Depuis fort longtemps, la fiscalité occupe une place majeure dans le débat sur les politiques publiques. Les prélèvements obligatoires sont-ils trop élevés ? Les différents impôts sont-ils équitables ?

Les réponses apportées à ces questions divergent fréquemment suivant la tradition disciplinaire mobilisée, économie ou droit, et selon le point de vue théorique adopté, économie financière publique ou économie néo-classique. L’ouvrage de Jean-Marie Monnier, maître de conférences à l’Université Panthéon-Sorbonne, a pour ambition d’intégrer la double dimension, juridique et économique, des prélèvements obligatoires pour montrer comment s’élaborent les politiques fiscales, étudier leur incidence sur le système redistributif et explorer les pistes d’une éventuelle réforme du système de prélèvements.

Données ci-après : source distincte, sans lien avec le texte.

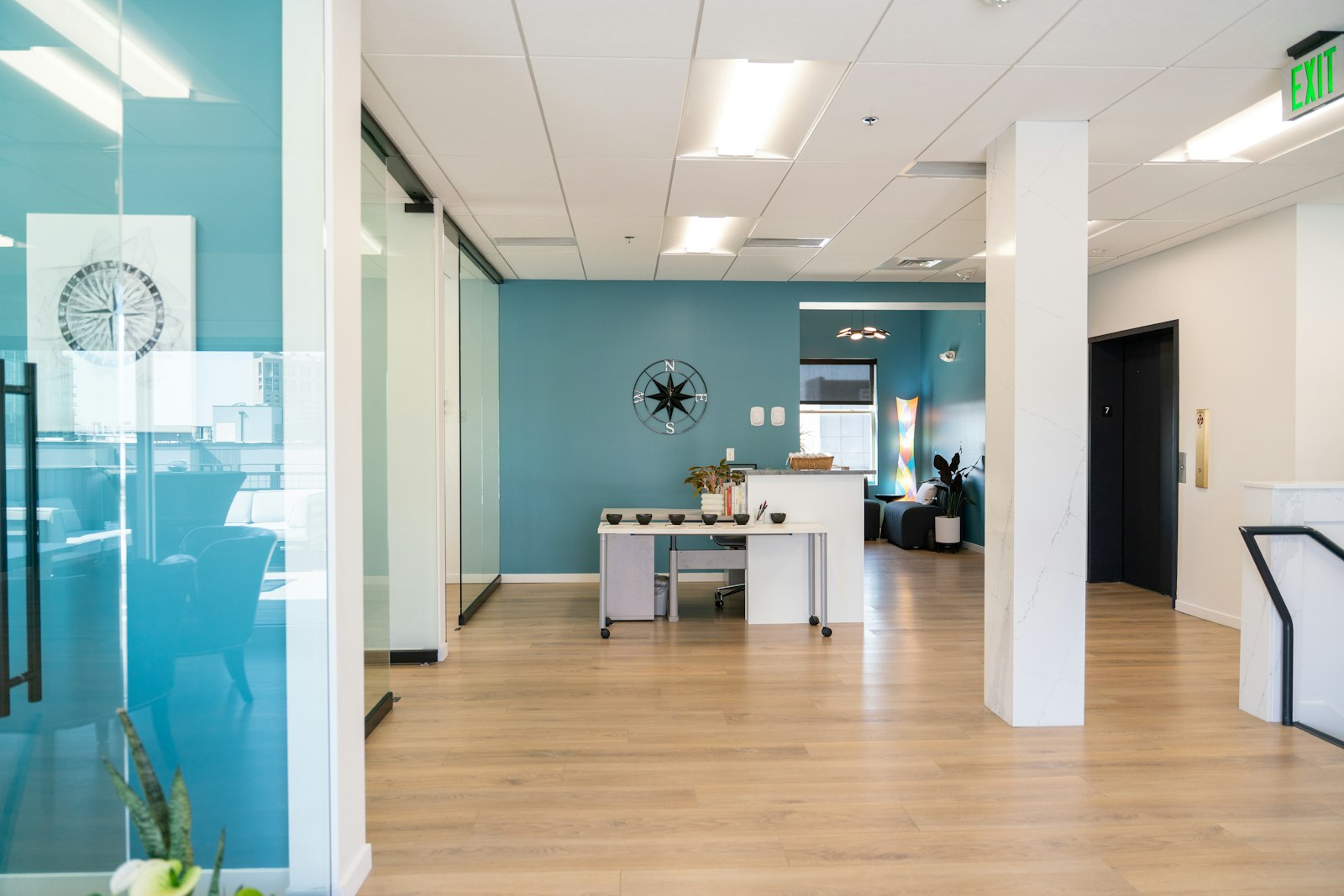 A bright and modern office interior is shown.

Le premier chapitre de l’ouvrage tente de saisir la nature des prélèvements obligatoires, tout d’abord en délimitant leur contenu puis en précisant les modalités techniques de leur recouvrement. La nature des prélèvements obligatoires est examinée du point de vue de leur rôle dans les budgets publics et de leur impact sur les mécanismes de régulation économique et sociale.

Le débat sur les limites de la pression fiscale est abordé dans la seconde partie de l’ouvrage. L’approche des économistes de l’offre est présentée à travers le modèle de Canto, Joines et Laffer, caution scientifique des politiques de baisse des prélèvements obligatoires. Une analyse critique de la mesure de la pression fiscale est conduite sur la base de comparaisons internationales concernant l’intervention économique publique. Le choix du taux global de prélèvements obligatoires comme mesure de référence suscite ainsi des objections majeures évoquées par l’auteur.

Le troisième chapitre présente une comparaison des structures fiscales des différents pays de l’Union européenne. Les pays y sont comparés en termes d’assiette fiscale et de ses répercussions immédiates sur les principales grandeurs économiques. La nature juridique des prélèvements obligatoires est également étudiée pour mettre en évidence la situation atypique de la fiscalité française au sein de l’Union européenne.

La quatrième partie présente les politiques fiscales du point de vue de l’économie publique standard en termes d’optimalité. Dans le cadre de l’économie normative, le problème de la taxation optimale relève de la maximisation par l’Etat de sa fonction objectif lui permettant d’arbitrer entre les divers intérêts privés. Les critères d’efficacité et d’équité sont examinés à la lumière des politiques de prélèvement : taxation efficace de la consommation et des revenus, choix de l’assiette, équité horizontale (quotient familial) et verticale (seuil de non imposition).

Le cinquième chapitre de l’ouvrage étudie les profils redistributifs des prélèvements obligatoires et l’impact de la décentralisation sur la fiscalité. Les études menées sur le système fiscal français, s’appuyant sur l’analyse des cas-types et l’enquête sur le budget des familles conduites par l’INSEE, concluent de manière convergente à son caractère faiblement progressif et redistributif. L’entrée en vigueur des lois de décentralisation a instauré une répartition claire des compétences entre l’Etat et chaque niveau de collectivité territoriale, mais cette réforme n’a malheureusement pas été complétée par une refonte du dispositif complexe et hétérogène de la fiscalité locale française.

La dernière partie de l’ouvrage traite des déformations que peut subir le système fiscal, soit du fait de l’interventionnisme des pouvoirs publics, soit du fait de l’évasion et de la fraude fiscale opérée par les agents économiques. L’interventionnisme fiscal occupe une place particulière dans les pays en développement pour favoriser les investissements financiers et l’installation d’entreprises. Concernant la fraude et l’évasion fiscale, outre la difficulté d’en estimer précisément l’ampleur, l’ouvrage note l’inégalité des contribuables devant ce phénomène.

Conçu comme un manuel pour étudiants, l’ouvrage se signale par sa clarté et son parti pris pédagogique, témoin le Quiz fourni en annexe. Mais cette excellente introduction aux questions fiscales trace également les pistes d’une réflexion citoyenne sur l’équité devant l’impôt.

1 : A propos de novembre-décembre 1995.